_DATA PROVIDED_.
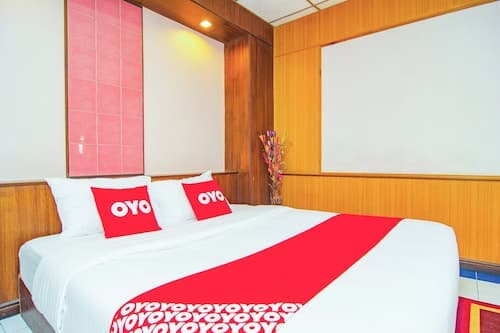 OYO 534 Phasuk Hotel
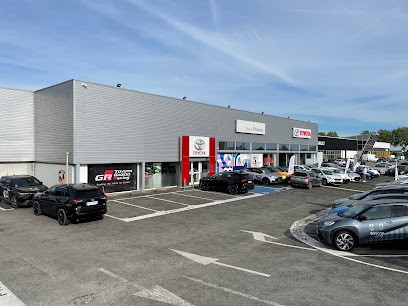 Toyota Amiens Gueudet 1880, Concessionnaire Automobile à Rivery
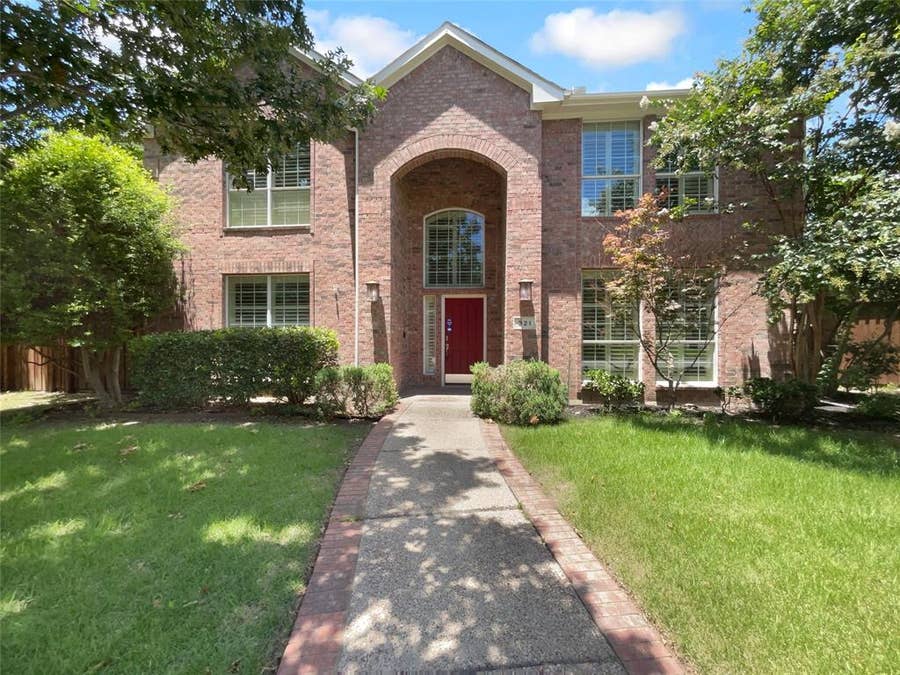Property photo for 321 Beacon Hill Drive, Allen, TX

_EXERCISE OBJECTIVE_. Give back all of the data exactly, but not the pictures.

_TASK OUTPUT_.
 OYO 534 Phasuk Hotel
 Toyota Amiens Gueudet 1880, Concessionnaire Automobile à Rivery
Property photo for 321 Beacon Hill Drive, Allen, TX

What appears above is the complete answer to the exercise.